St. Patrick's Day is held annually on March 17th to honor the traditional death of Saint Patrick and celebrate the arrival of Christianity in Ireland. This celebration spread to the United States (among other countries) around the 1700s as more and more Irish immigrants were coming to America. On March 17, many Irish Americans took to the streets in St. Patrick's Day parades to show their Irish patriotism.
In Ireland, St. Patrick's Day is celebrated as a religious holiday. However, in the United States, it has evolved into a celebration of Irish culture with parades, feasts, parties, drinking, and wearing lots and lots of green.
In honor of St. Patrick's Day, here are a few interesting facts about the holiday that you might not have known!

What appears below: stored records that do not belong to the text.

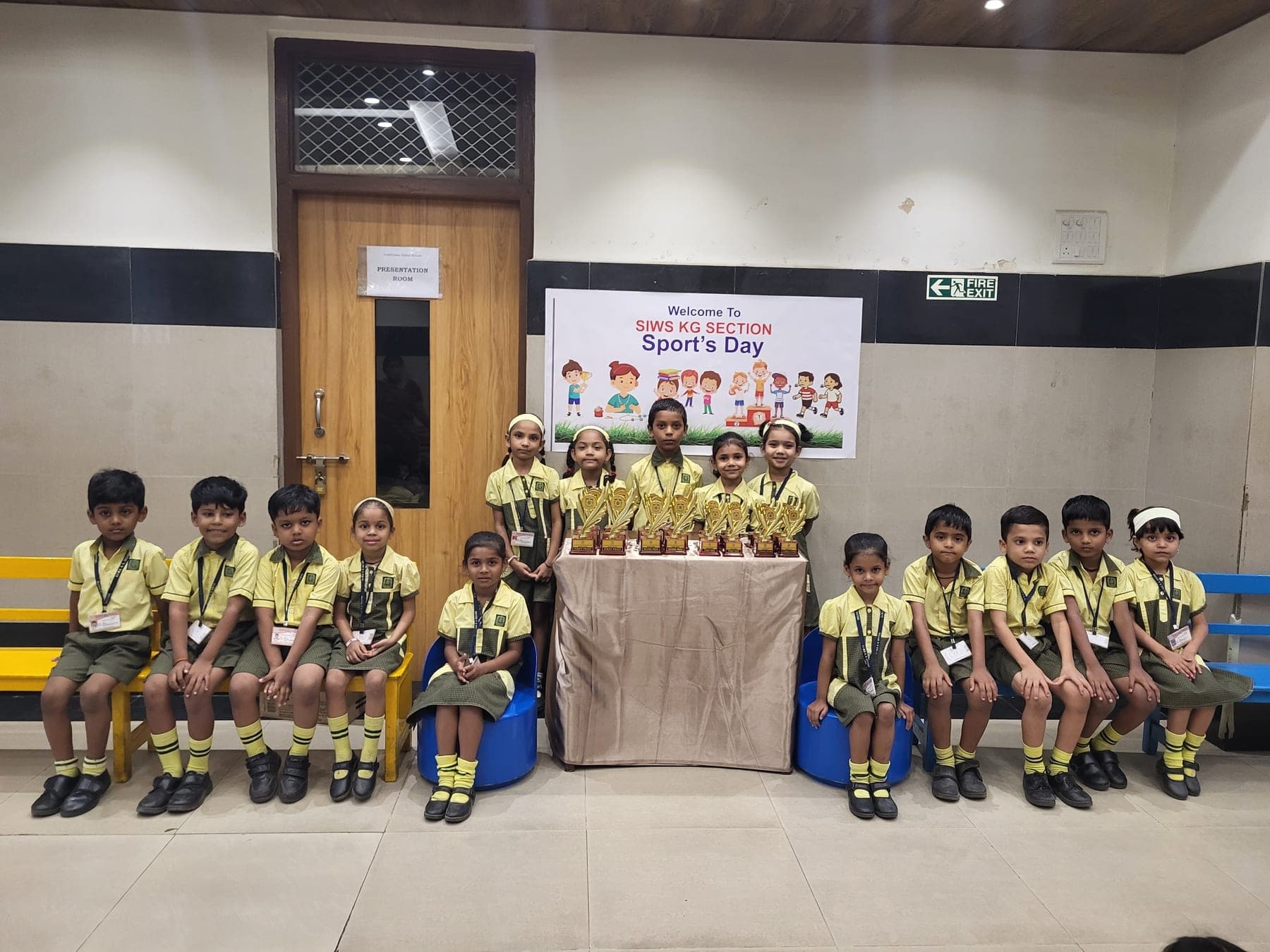 Kindergarten children in yellow and green uniform seated on benches along both sides of a draped table of trophies, beneath the sports day banner outside the presentation room.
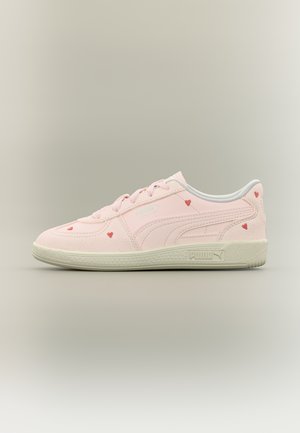 Baskets Puma rose clair à lacets, accents en forme de cœur rouge et semelle blanc cassé, vues de côté extérieur sur fond uni.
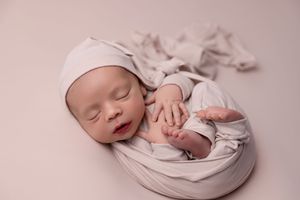 Peaceful newborn baby sleeping peacefully while wrapped in soft white swaddling blanket during professional photo session.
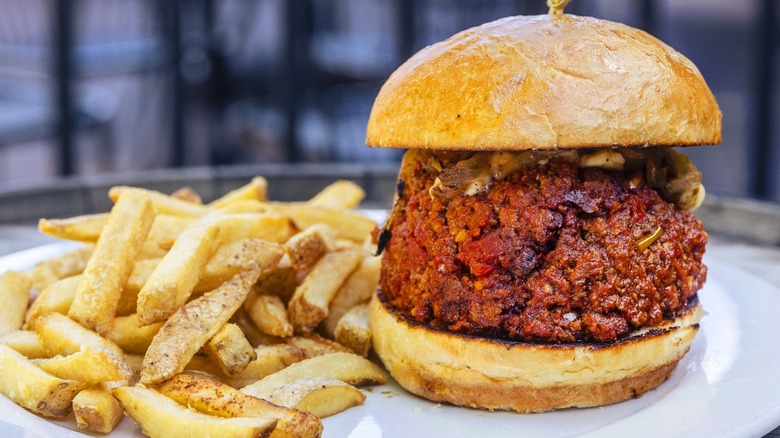Firm meatloaf-like sloppy Joe on bun with fries on plate at School House Kitchen & Libations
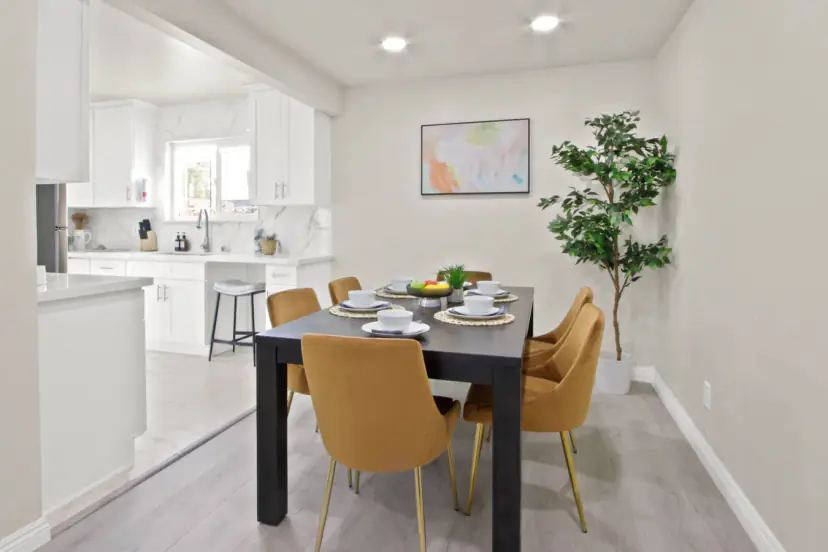 Dining table with velvet chairs by the white kitchen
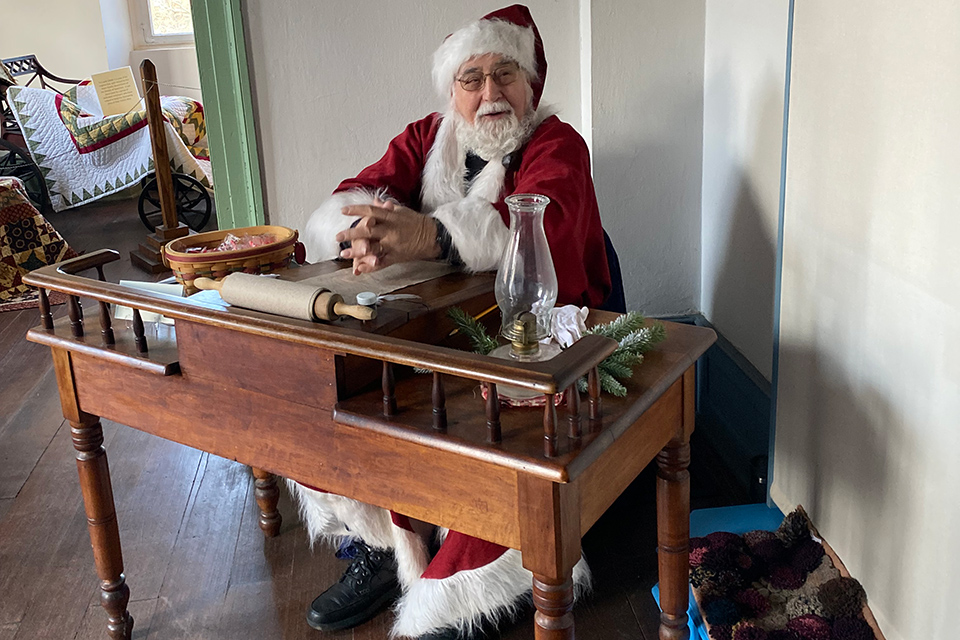 Santa Claus at his desk for Christmas in Zoar (photo courtesy of Christmas in Zoar)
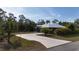 Modern home boasts a metal roof and long driveway, framed by lush greenery and an American flag at 3136 Joshua St, Port Charlotte, FL 33948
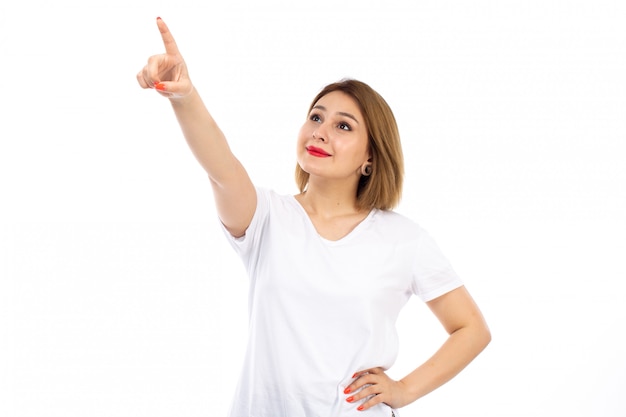 Eine junge Dame der Vorderansicht im weißen T-Shirt, das in den Himmel zeigt, der auf dem Weiß lächelt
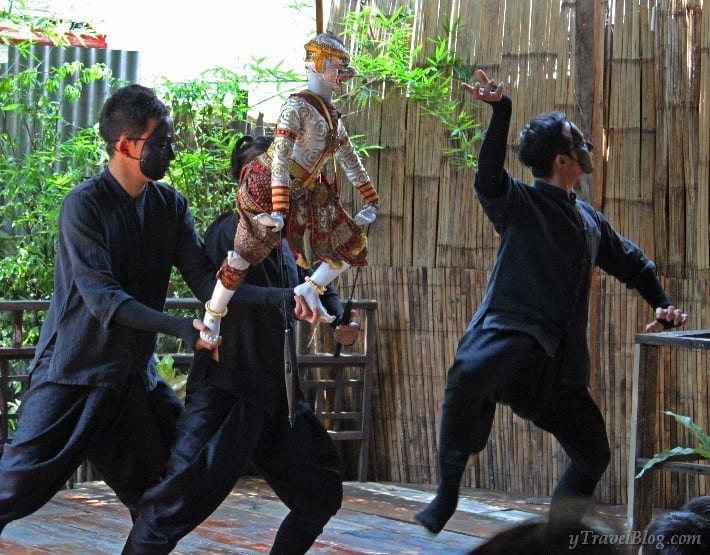 three men in black clothes with a thai puppet performing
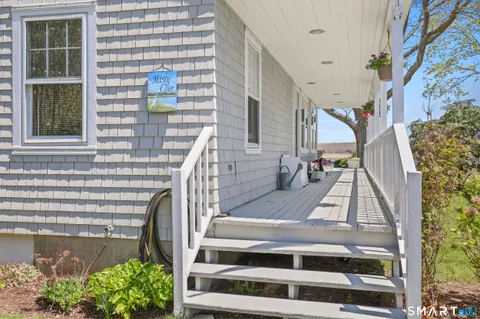 a view of entryway with a front door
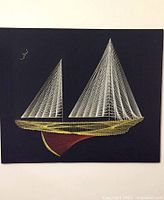 Full view of vintage string art showing a sailboat with white sails, yellow boat outline, and red hull on dark fabric background.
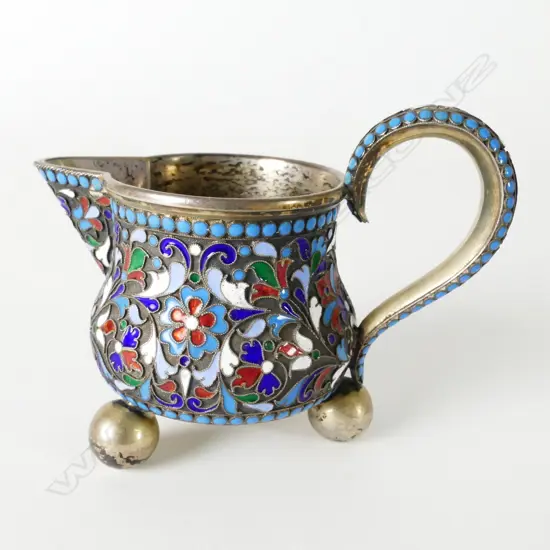 A Russian silver and cloisonné cream jug
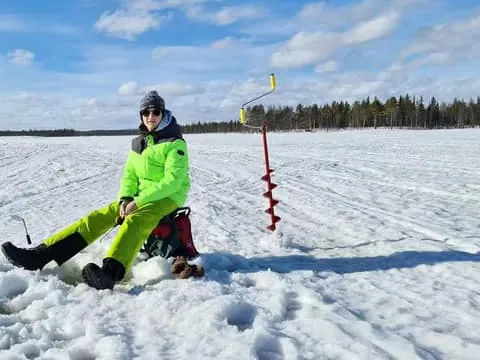 Levi: Snowmobile and Ice Fishing Safari with Campfire Snacks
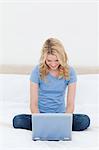 A woman is smiling as she looks at her laptop with her legs folded.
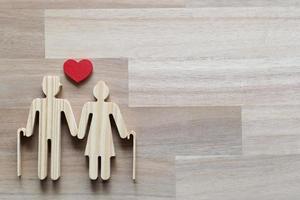 Wooden cutout of a couple and heart shape on wooden background photo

Perhaps the most notable symbol we see that represents St. Patrick's Day is the shamrock. The shamrock has been associated with Ireland for centuries and has become a national symbol of emerging Irish nationalism. The shamrock is actually considered to be sacred as it symbolizes the arrival of spring.
2. The Color Green
Originally, St. Patrick's color was blue, not green. The color green became associated with St. Patrick's Day after it was linked to the Irish independence movement in the late 18th century.
3. The First Parade
St. Patrick's Day has been celebrated in Ireland since the 1600s. However, the tradition of a St. Patrick's Day parade began in America. The first parade was held on March 17, 1601 in a Spanish colony and what is now St. Augustine, Florida.
4. The Chicago River
The Chicago River is dyed green each year in honor of the holiday. The dying of the Chicago River is considered to be one of the most iconic St. Patrick's Day traditions. For nearly six decades, thousands of people flock to the banks of the Chicago River to watch it turn green. The event is usually scheduled for the Saturday before March 17.
5. The New York City Parade
The New York City St. Patrick's Day parade is one of the largest in the world. This parade began in 1762 and is one of New York City's greatest traditions. Approximately 150,000 people march in the parade, and it draws about 2 million spectators. The event is run entirely by volunteers.